F: That reminds me of a time more than a decade ago when rats chewed through a cable, which caused an extended interruption. This wouldn’t be a problem now, because SWITCHlan is designed to be highly redundant. Changing the subject: why do we even still need a national research network (NREN)?
T: I’m still a member of the Strategic Advisory Board for Germany’s National Research and Education Network, and this is something we’re discussing right now. When looked at from a purely financial perspective, a few universities do receive good offers from the private sector, but on average the NREN rates are in line with the market – and in solidarity with the universities more than anything else.
As is the case in Switzerland, there is an agreement in place that there should be rates that aren’t dependent on location.

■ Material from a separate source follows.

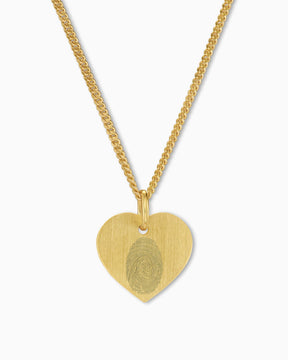Empreinte digitale Coeur Collier Plaque à graver Pendentif 13mm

In other words, data transfers cost just as much in the centre as they do on the periphery.
The old maxim still applies here, too: a network for research and research for the network. The latter perhaps takes more of a back seat today, because there are more chairs in theoretical subjects focusing on network research.
F: I wouldn’t put it like that. NREN continues to be important for research and has an interdisciplinary role to play. We are currently expanding our network to be able to transmit high-precision frequency and time signals that – by way of example – chemists and physicists need to conduct their research. We are working with seismologists to clarify how well our fibre optics can be used as ‘dispersed earthquake sensors’.

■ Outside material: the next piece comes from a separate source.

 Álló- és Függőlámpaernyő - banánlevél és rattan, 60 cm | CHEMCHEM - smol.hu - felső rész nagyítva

F: One last question for you: if you could start your careers over again, would you do the same thing?
T: Looking at things today, I would have sought to remain in the world of research for longer as a physicist or mathematician. Still, my career didn’t pan out too badly. Indirectly, I maintained a connection with the world of academia and was able to support its research through the Foundation’s own work. Despite receiving multiple lucrative offers, the private sector was never an option for me.
W: With hindsight, I’d do the same now as I did back then. My 25 years at SWITCH were fascinating and varied, and I, too, was motivated by the fact that I was working in service of education, research and innovation. I greatly appreciated the open-minded working atmosphere, too.